[Look for your weekly fix from the one and only Henry Rollins right here every Thursday, and come back tomorrow for the awesomely annotated playlist for his Sunday KCRW broadcast.]

11-28-14 Los Angeles International Airport: If I get the odd month relatively free of obligation, I will usually try to get out of America and travel. It is a huge part of my life.

“Out there” is where I learn a lot of big lessons. For me, being in unfamiliar surroundings forces me to function at a higher level, and from that comes a greater awareness of things and optimum opportunities to grow.

The power of what I learn from putting myself in distant locations is far stronger than anything I have ever gotten out of a book. I have concluded that, if I really want to know, I will have to go.

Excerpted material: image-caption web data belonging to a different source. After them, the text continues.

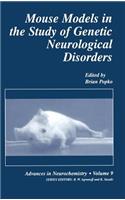 Mouse Models in the Study of Genetic Neurological Disorders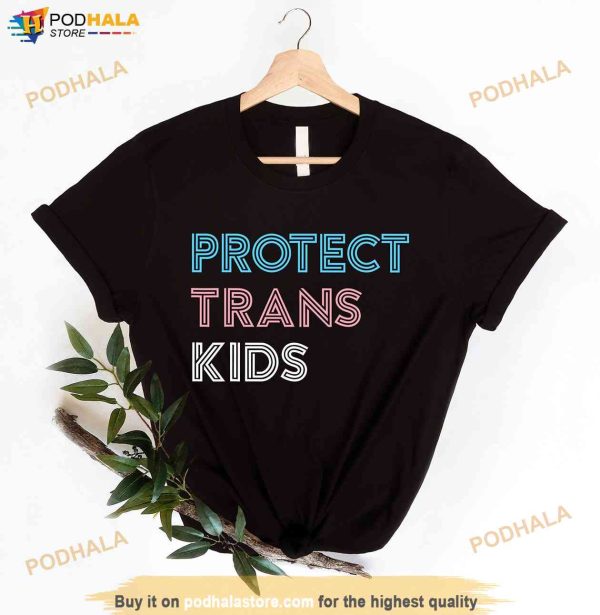 Protect Trans Kids Shirt, LGBTI+ Rights Shirt, Trans Rights Shirt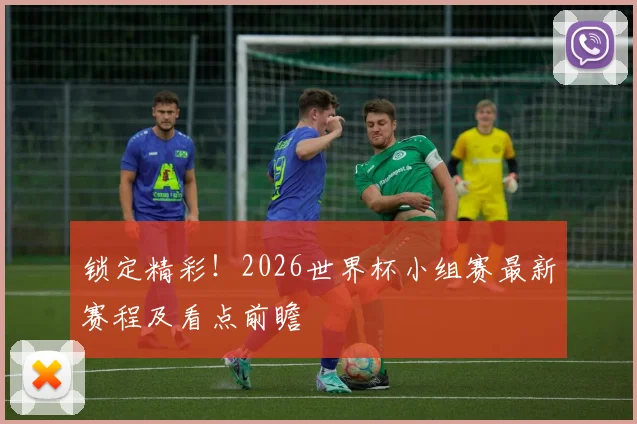 锁定精彩!2026世界杯小组赛最新赛程及看点前瞻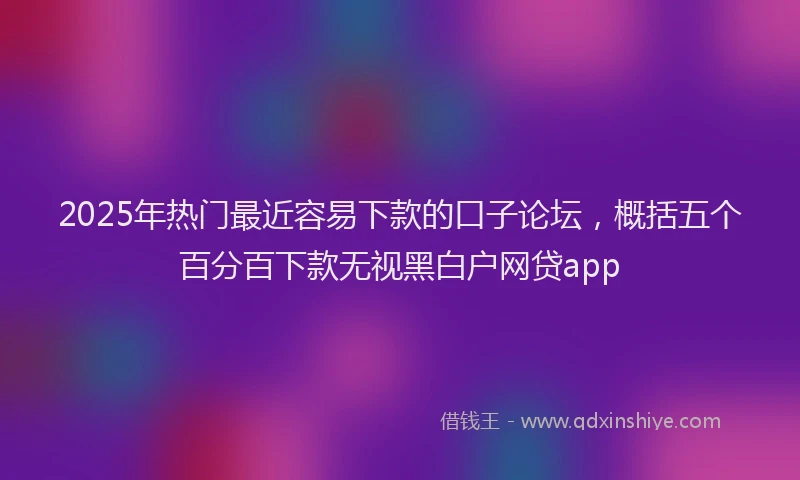 2025年热门最近容易下款的口子论坛，概括五个百分百下款无视黑白户网贷app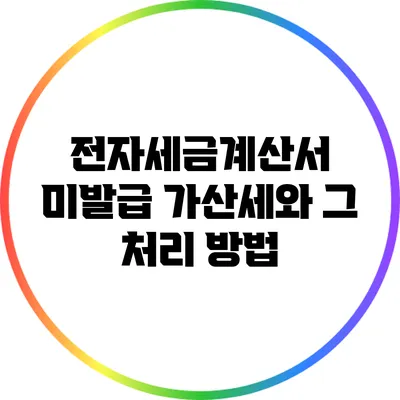전자세금계산서 미발급 가산세와 그 처리 방법
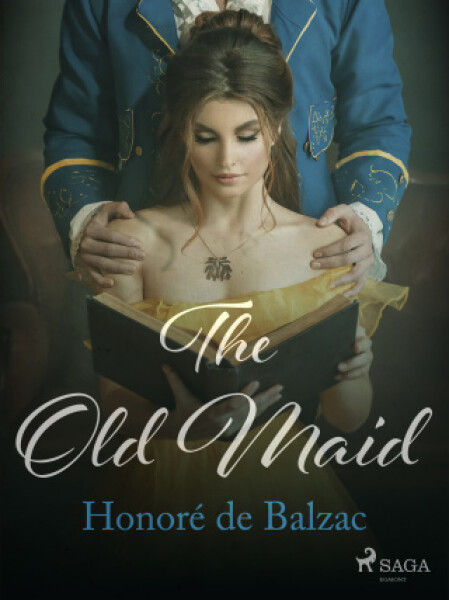 The Old Maid - Honoré De Balzac - e-kniha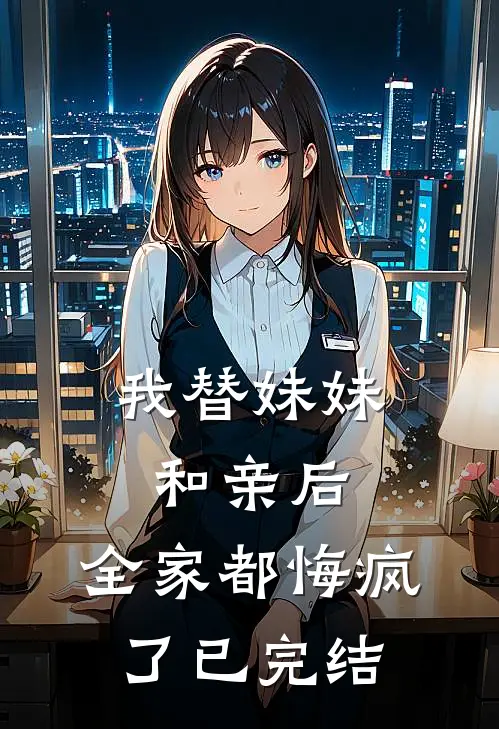我替妹妹和亲后，全家都悔疯了已完结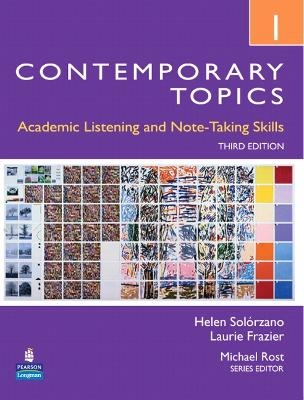 CONTEMPORARY TOPICS 1      3/E STBK                 235570 - Helen Solorzano, Laurie Frazier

My preferred mode of travel is alone. Not always easy, but being on my own schedule always beats the compromise of togetherness and the shared experience.

The main reasons I travel are to learn, to grow and, most important, to be broken down and made stronger by the daily grind of it. Being off the road makes me feel as though I am not living life nearly to the fullest. As wonderful as L.A. is, after a few weeks there without demanding employment to keep me occupied, I feel that I am blowing it.

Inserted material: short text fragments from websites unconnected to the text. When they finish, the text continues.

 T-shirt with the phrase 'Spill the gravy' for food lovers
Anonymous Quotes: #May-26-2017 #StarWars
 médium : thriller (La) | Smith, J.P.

I fear comfort. It ages the body, dulls the senses and destroys the intellect. I disgust myself at how quickly I become accustomed to the ease of routine.

11-29-14 Ataturk Airport, Istanbul: 1747 hrs. The first time I came to Turkey, I was 11 or 12 years old. I went with my mother. I remember the first time I walked around Istanbul, it was completely overwhelming. Loud, busy, frantically alive. Over the decades I have made a few journeys back and found the city very much to my liking.

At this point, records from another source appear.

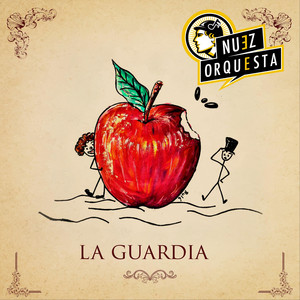 NUEZ ORQUESTA: La Guardia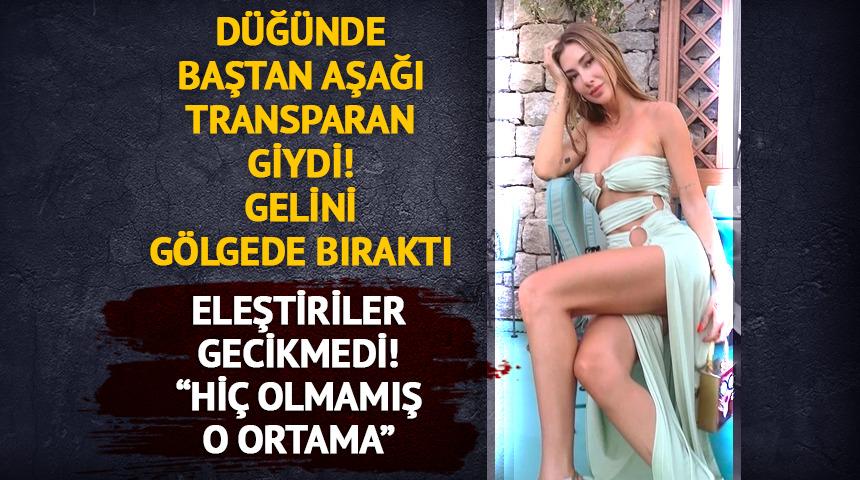 Şeyma Subaşı transparan tercihiyle d&uuml;ğ&uuml;n&uuml;n &ouml;n&uuml;ne ge&ccedil;ti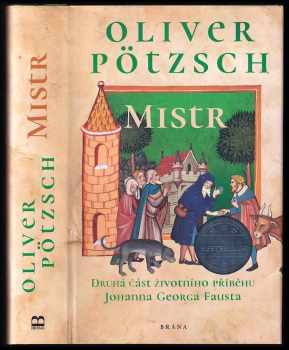 Oliver Pötzsch: Mistr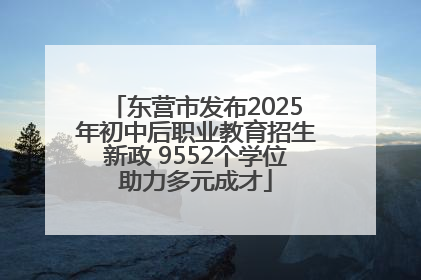 东营市发布2025年初中后职业教育招生新政 9552个学位助力多元成才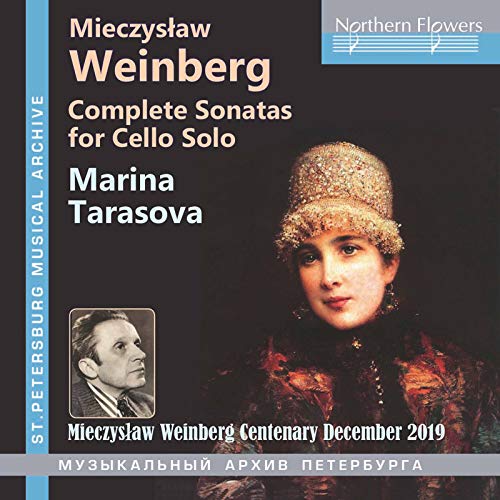 Marina Tarasova, Mieczyslaw Weinberg, -, -, Marina Tarasova - Weinberg: Die Sonaten für Cello solo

I emerged from the airplane several minutes ago, after 11 hours and 49 minutes of flight. I felt tired but, as soon as I remembered I was in Turkey, I woke right up.

One of the things about travel, quite humbling and humanizing, is the general hassle involved in actually getting to the place. The lines and the delays are a drag, but once I arrive somewhere, within an hour it’s like it never happened. No matter the hassle, it’s always worth it.

I think the humanizing aspect of long-distance travel happens around seven hours into a long flight. People start to let it all hang out. Kids wander; people snore and lean on strangers. It’s always interesting to make that hike from the back of the plane after landing and see what slobs the passengers in business and first often are.

11-30-14 Tashkent, Uzbekistan: 1810 hrs. Just spent the day walking around the city until it got dark.

Uzbekistan is the country whose president’s name escaped Herman Cain when he was on the campaign trail in 2011. Talking to David Brody of the Christian Broadcasting Network, he said, “And when they ask me who is the president of Ubeki-beki-beki-beki-stan-stan I’m going to say, you know, I don’t know. Do you know?”

The president is Islam Karimov, actually. He has been in power since his sometimes-debated election win in late 1991. He’s not a nice guy and his grip on the country is total.

My repeated attempts to log onto the Human Rights Watch website have been thwarted, although I was able to read a summary of the group’s latest Uzbekistan report on the site of The Diplomat, a magazine that reports on what’s happening in the Asia-Pacific region. There is a lot to know about Uzbekistan and its treatment of the convicts who crowd its prisons, and any of those who oppose the policies of Karimov. None of it is good.

America seems to look the other way. Apparently, the roads through Uzbekistan that access Afghanistan, facilitating America’s supply lines, are of more importance.

Tashkent’s city center is at once fascinating and oppressive. I am staying near a lot of government buildings. They are all huge, almost featureless, in that overwhelming Soviet style. It being Sunday, they were all closed. No guards that I could see.

There were hardly any cars or people on the streets. I imagined a government that just moved paper from office to office, never realizing that everyone had left and they were only governing themselves.

I asked the guide showing me around if I could take photos of the huge apartment buildings that sprawl block after block. The laundry hanging out of the windows, the well-worn dreariness of the structures had so much humanity and exhausted sadness. I wanted to try to capture that. I was told it probably wasn’t going to happen.

My guide was friendly but as soon as we met, he laid down some guidelines. He told me he was “easygoing” and ready to tell me the historical facts of the country but would not speak on anything political. Not once did he mention President Karimov.

Tomorrow I am taking a short trip to Tajikistan, then coming back to Uzbekistan the following day. While the sights thus far have been less than thrilling, the history of this part of the world is extremely interesting. Everyone, it seems, came through here over the centuries. Alexander the Great, Genghis Khan, Attila, the Greeks, the Chinese, the British, the Soviets. Walking around the bazaar, I saw the faces that represented a true melting pot.

There is a lot about this part of the world that we will never know. Conquerors often obliterate the history of that which came before them in an effort to destabilize the conquered and weaken resistance. It works.